Birinin adı Selim Doğan’dı.

Babası Hasan Doğan’ı gururlu bir hüzünle uğurluyordu.

Gazetelerde ondan bize kalan fotoğraf, annesinin elinden tutup, mezara doğru yürürken çekilen kareydi.

Birinin gözlerinde üzüntü vardı ama sevgi ve umut hiç eksilmemişti.

Babası ona, dünyanın en güzel mirasını bırakmıştı.

Bütün Türkiye tarafından sevilen, sayılan bi insan olmanın gururuydu bu.

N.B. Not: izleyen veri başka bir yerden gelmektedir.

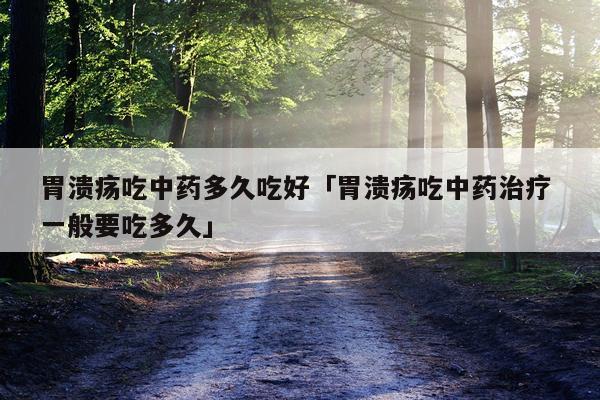胃溃疡吃中药多久吃好「胃溃疡吃中药治疗 一般要吃多久」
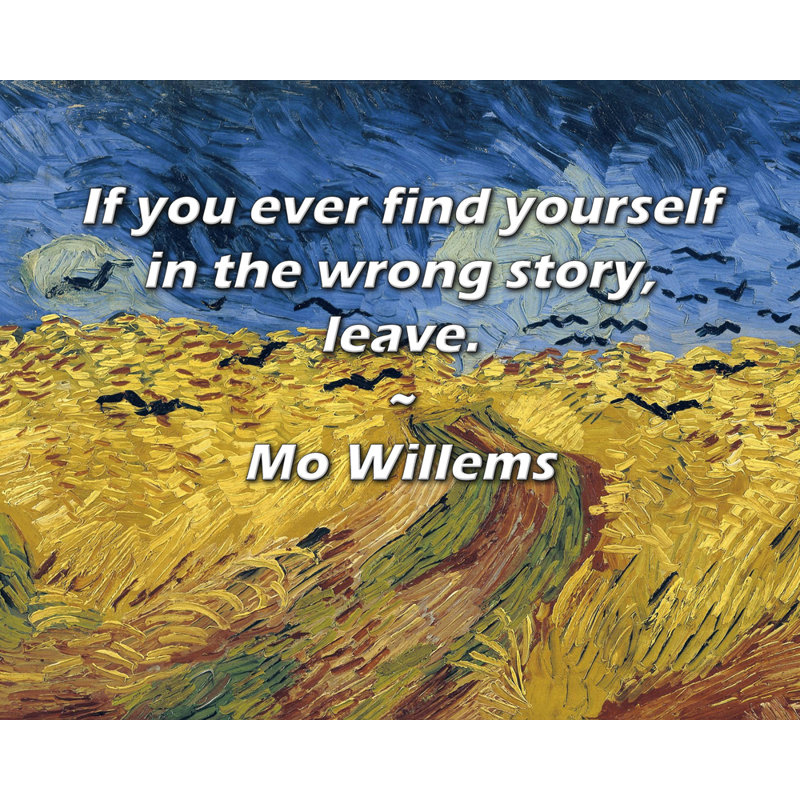 Trinx Gallery Wrapped Canvas By Mo Willems: "If you ever find yourself in the wrong storey, le, 28" H x 40" W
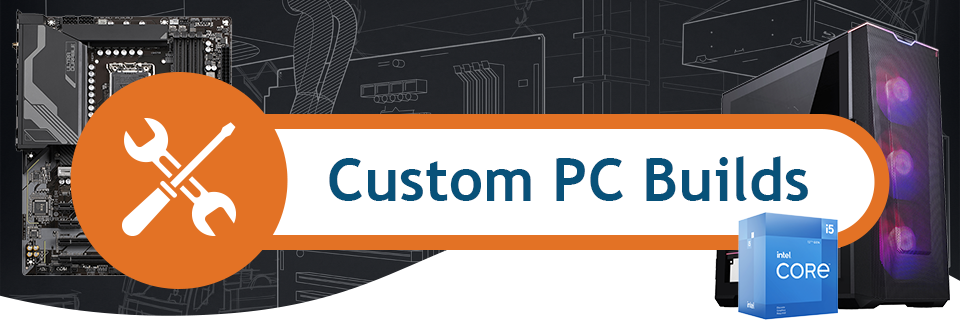 Custom PC Builds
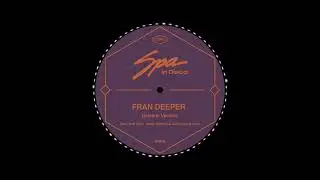 Fran Deeper - Balearic Vaccine (Dim Zach remix)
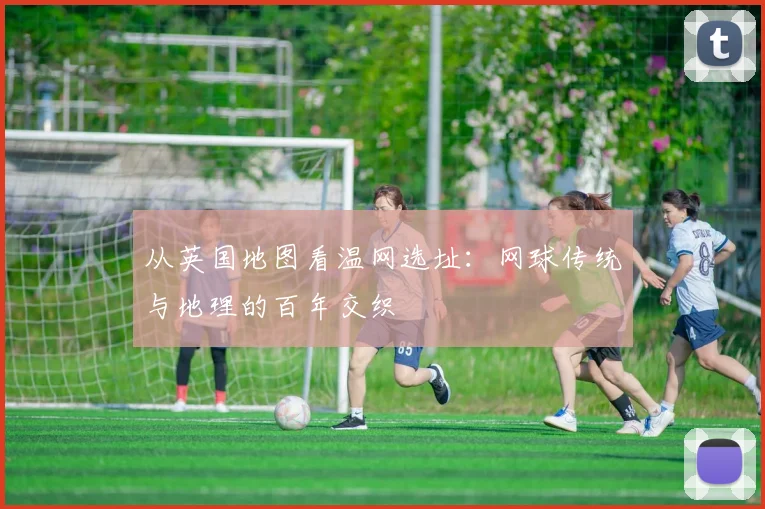 从英国地图看温网选址：网球传统与地理的百年交织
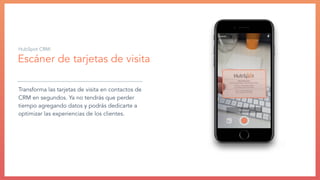 Escáner de tarjetas de visita
Transforma las tarjetas de visita en contactos de
CRM en segundos. Ya no tendrás que perder
tiempo agregando datos y podrás dedicarte a
optimizar las experiencias de los clientes.
HubSpot CRM:
 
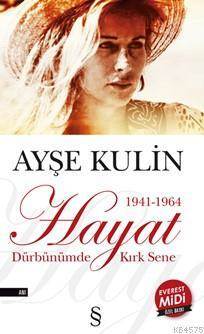 Hayat Dürbünümde Kırk Sene (Midi Boy); 1941-1964 - Everest Yayınları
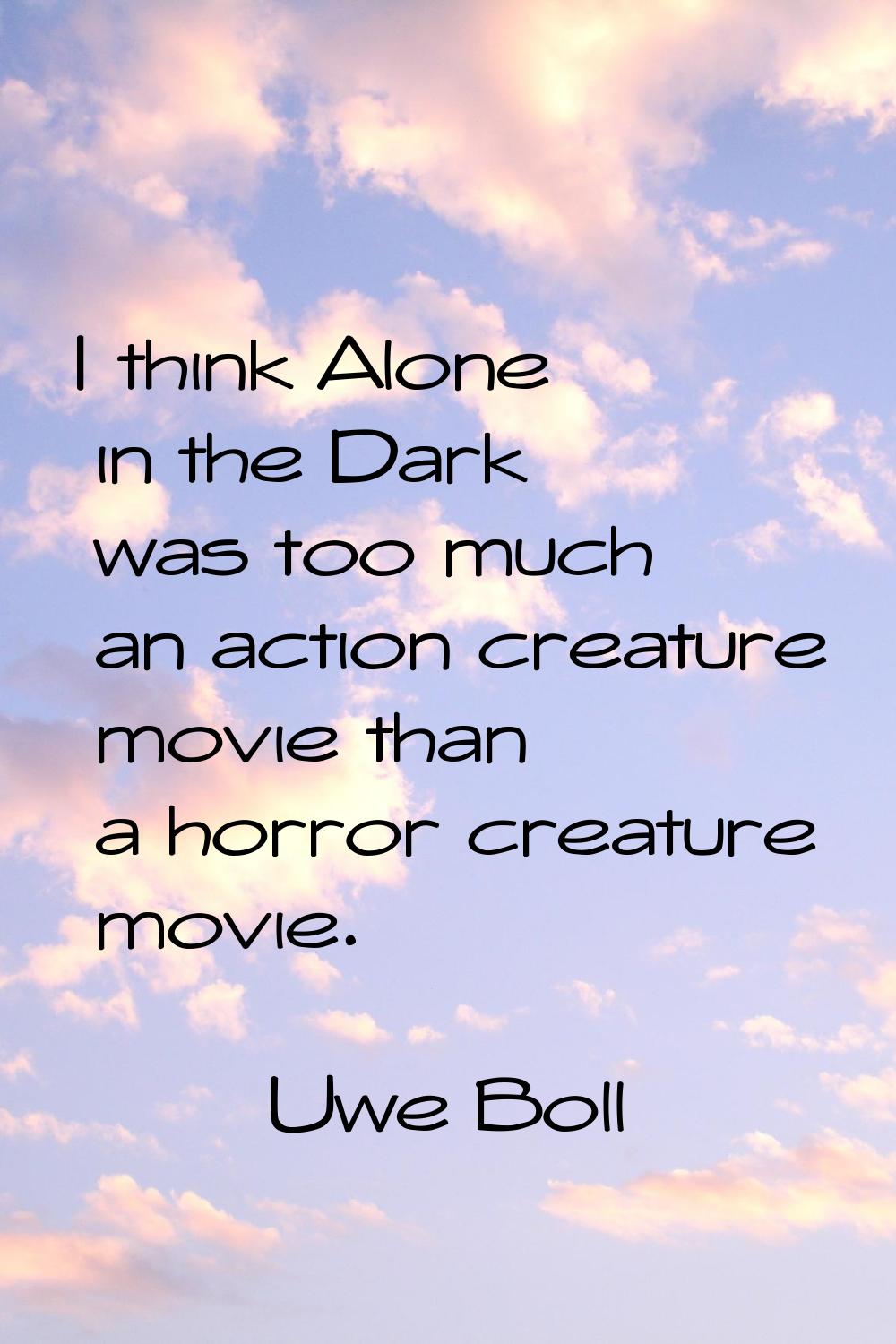 I think Alone in the Dark was too much an action creature movie than a horror creature movie.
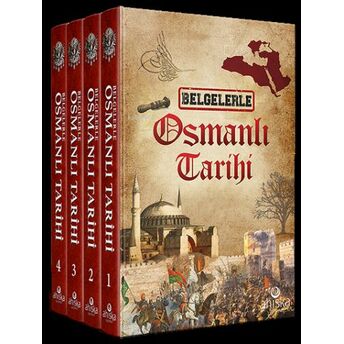 Belgelerle Osmanlı Tarihi 4 Cilt Takım Ömer Faruk Yılmaz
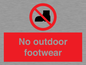 PV7182: No outdoor footwear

Devleti, ülkesi babasına sahip çıkmıştı ve kalkan cenaze, o çocuğun, ülkesine, devletine, insanlarına olan sevgisini büyütüyordu.

O devlet ki, o toplum ki, o halk ki, sevgili babasının kıymetini, kadrini bilmiş, ona layık olduğu payeyi vermiş, uğurlamayı yapmıştı.

Öteki çocuğun adı Oytun’du.

Ondan bize kalan fotoğraf ise, bir mezarın içinde, babasının kefene sarılmış bedenini kucaklamış genç bir adamdı.

Onun yüzündeki ifade bambaşkaydı.

O da babasıyla gurur duyuyordu.

O da babasını en az Selim kadar seviyordu.

Ama yüzündeki ifade, içinde bir şeylerin eksikliğini, ne eksilmesi, yok olup gittiğini öylesine çarpıcı şekilde anlatıyordu ki...

Neydi o giden?

Belli ki devletine olan güveni.

Belki de babasının bütün hayatı boyunca ona en yüce değer olarak anlattığı "devletine" olan itimadındaki, sevgisindeki yok oluştu bu.

Birinin cenazesine devlet, toplum, herkes sahip çıkmıştı.

Ötekinin cenazesi ise, vicdansızca bırakıldığı hastane köşesindeki kadar yalnızdı, tenhaydı.

O tenhalık ki, bir evladın içindeki, iskána açılmış en kalabalık, en insani semtleri bir anda tehcire zorlar.

* * *

Bu iki çocuk da babalarını hiç unutmayacaklar.

Bu iki çocuk da babalarının cenazelerini hiç unutmayacaklar.

Biri, devletine, hükümetine, hukukuna, değerlerine saygısını çoğaltarak, kalabalıklaştırarak.

Öteki ise, devlet mahallesindeki, hukuk semtindeki, vicdan muhitindeki bütün kalabalıklardan bir bir sıyrılarak, acıyla, öfkeyle, hınçla...

Ne demişti, ülkesinin, devletinin hukuku:

"Senin baban çetenin finansörü..."

Oysa neydi sevgili babasının ona bıraktığı o muazzam tereke?

19 bin YTL Bağkur borcu.

Ev kirasını ödeyemediği için akraba yanına sığınan biçare bir anne.

Ve yapılan vicdansızlığa duyulan bir öfke.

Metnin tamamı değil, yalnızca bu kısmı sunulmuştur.